Under the program, the patients are receiving medications, IV infusions, in-person nurse visits and meals, if needed.

“We have 14 different vitals and are monitoring them the entire time continuously, and we get their activity level as well,” Samuel said. “I think our patients are probably better monitored on our services than the traditional metrics for hospitals because we are getting their vitals, sometimes, every five seconds.”

Additionally, if patients have dietary needs, therapy needs, or if they want to see a social worker, clinicians are sent into the home as well.

Like the rest of the program, the discharge process also models itself after what would take place in a hospital.

“When they’re stable enough and the physician says they’re good, we can take them off services, and we do a full discharge with them,” Samuel said. “The nurse goes back to the home, collects the equipment and makes sure the patient is safe. We help them navigate getting any post-acute prescriptions that the physician writes. Our social workers work with the case managers at the hospital to make sure the patient is also placed correctly post-discharge.”

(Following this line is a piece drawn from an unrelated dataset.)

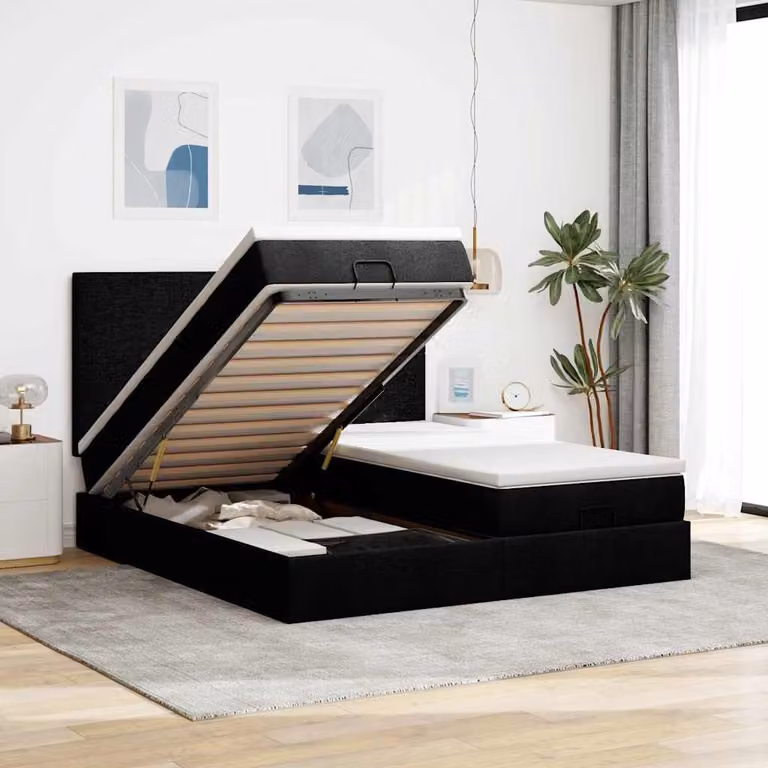 vidaXL Struttura Letto con Contenitore a Sollevamento e Materasso in Tessuto Nero L: 160 cm, P: 200 cm, H: 203 cm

Although Resilient has been providing high-acuity care since its inception, Medical City Healthcare is the first hospital the company has partnered with to deliver the care under the CMS waiver program.

That said, Resilient is in talks to form similar partnerships with a few other hospitals and health systems.

“Even past COVID, there is a new landscape of health care here,” Samuel said. “ Technology has been improved in the last two years, probably more so than in the last 20 years. Reimbursement for virtual care has increased, and patients can use technology to get the care that they normally might have had to drive 45 minutes to see a doctor for.”